2L, A New Norwegian Label that Aims to
Bring Down Barriers
BY MARTIN ANDERSON Copyright
©2002 - Fanfare, Inc.
“There are many models when you start building a label,” Lindberg explains. “You have Naxos at one end, mainly concerned with building a repertoire within rather narrow genres. What we try to focus on is that you can have a musical experience and the feeling of a musical mood independent of what kind of genre we’re talking about. Let’s take it a little further back. We started up as a production company back in 1992, doing recording and editing for classical labels, mainly in Norway but also for Naxos in Sweden. Then we worked it up and have evolved the tools that we saw were needed around production—not only recording and editing, but also graphic design, a CD agency for a CD factory, presentation, and marketing. These are services we’ve provided, in the ten years we’ve been working, for the existing labels, mainly in Norway. We felt a need to do something with our own minds, as a sort of mental hygienics; when you’re working very hard to serve other people, twelve, fourteen, sixteen hours a day just to fulfil the needs of others, then you feel the need to do something on your own. So we started up the label 2L.”
Where
did the name come from? “It’s our company name, Lindberg Lyd [Lindberg
Sound], double L. Easy enough, and since we use a digit at the front, we end up
at the top of all the lists! Anyway, we took a closer look: OK, what do we want
to do?
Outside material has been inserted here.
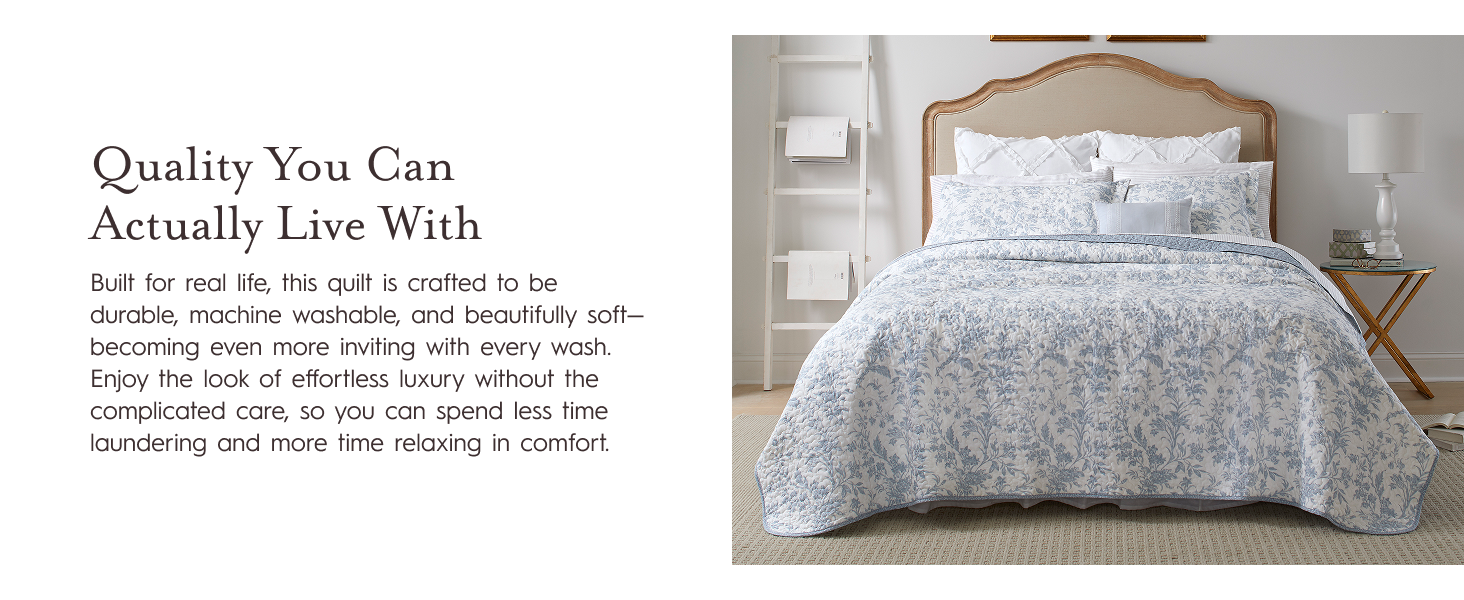 laura ashley quilts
We decided that the frame for the label should be the craftsmanship we
have the competence for, and that’s acoustic recording and acoustic production.
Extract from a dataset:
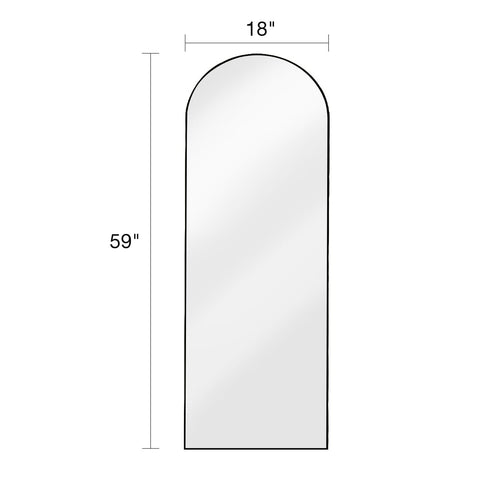 ITSRG wall-mount capable mirror for vertical installation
We have two mobile recording rigs and an editing and mastering studio, and we do
not want to work in a studio environment but to go out to churches, concert
halls, and do acoustic recordings. The frames are exactly those; within them we
feel we can do folk music, acoustic jazz, crossings between pop and jazz and
folk music—and classical repertoire, of course. We feel that this label could
hold all of these musical experiences; we don’t feel the need to tell the
listener what to hear.”
The first eight releases from 2L prove that Lindberg means what he says about
repertoire. One or two are relatively orthodox: 2L1, entitled Melankoli, is a
recital of music for viola and piano by Kodály, Britten, Pärt, Joplin, Kvandal,
Bloch, and Liszt, beautifully played by Morten Carlsen and Sergej Osadchuk,
joined in Dowland and Brahms (op. 91) by the mezzo Marianne Beate Kielland; and
2L2 brings Vol. 1 of what promises to be a complete violin-and-piano Wieniawski
from Piotr Janowski and Wolfgang Plagge. Then things begin to get less
predictable. Vintermåne (“Winter Moon”, on 2L3) is a jazz-tinged album of
Norwegian folksongs from Anne Gravir Klykken, variously accompanied by
saxophones, keyboards, with percussion and flute; and 2L4 is an excellent
recital from the violinist (and hardanger fiddler) Tron Steffen Westberg, joined
on the last two tracks by Magne Haugom and Jan Frostvoll. 2L5 and 2L6 contain
classical music inspired by the Middle Ages from the composer Wolfgang Plagge
(b. 1960), ranging in style from the new-agey to the stiffly contrapuntal; the
first disc features two of Norway’s most highly esteemed musicians, the
soprano Solveig Kringelborn and trumpeter Ole Edvard Antonsen and includes
Plagge’s Trumpet Sonata and a couple of song-cycles, and the second has his
Concerto Grosso II for two pianos, brass quintet, and timpani, and the Music for
Two Pianos. Three Beethoven cello sonatas (op. 5, No. 1, op. 69, and op. 102,
No. 2) are given alert and communicative performances by Bjørn Solum and
Kristin Fossheim (playing on a fortepiano) on 2L7; and 2L8 is an album, Spill
(“Play”), by a folk-trio called Flukt (“Flight”)—an instantly catchy
blend of Norwegian, Scots, Irish, and other influences.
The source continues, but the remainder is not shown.